所以现在我想将tensorflow.keras.losses.categorical_crossentropy换成另一个，所以我做了这个：

model.compile(loss=tensorflow.keras.losses.mse, optimizer=tensorflow.keras.optimizers.Adam(0.001), metrics=['accuracy'])
    history = model.fit(x_improve, y_improve, epochs=1, validation_data=(x_test, y_test)) #FIXME bug during training

但是我有这个错误：

ValueError: No gradients provided for any variable: ['conv2d/kernel:0', 'conv2d/bias:0', 'conv2d_1/kernel:0', 'conv2d_1/bias:0', 'dense/kernel:0', 'dense/bias:0', 'dense_1/kernel:0', 'dense_1/bias:0'].

为什么？我该如何解决？还有另一种更改损失函数的方法吗？

谢谢

Answer 1

因此，我要给出的一个简单答案是：如果您想玩这种游戏，请切换到pytorch。由于在pytorch中您定义了训练和评估功能，因此只需一个if语句即可从损失函数切换到另一个函数。

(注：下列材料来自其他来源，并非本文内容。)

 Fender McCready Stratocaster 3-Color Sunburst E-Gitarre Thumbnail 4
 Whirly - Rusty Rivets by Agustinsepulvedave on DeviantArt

此外，我在您的代码中看到要从cross_entropy切换到mean_square_error，前者适合分类，后者适合回归，因此这并不是您真正可以做的，在下面的代码中，我从均值切换为平方误差等于对数平方误差，均适合于回归。

尽管有其他答案，也可以为您的问题提供解决方案（请参见change-loss-function-dynamically-during-training），但不确定您是否可以信任结果。有人发现，即使Keras具有自定义功能，有时也会保持训练的第一损失。

解决方案：

我的解决方案基于train_on_batch，它使我们能够在for循环中训练模型，因此每当我们希望使用新的损失函数重新编译模型时，就停止训练它。请注意，重新编译模型不会重置权重（请参阅：Does recompiling a model re-initialize the weights?）。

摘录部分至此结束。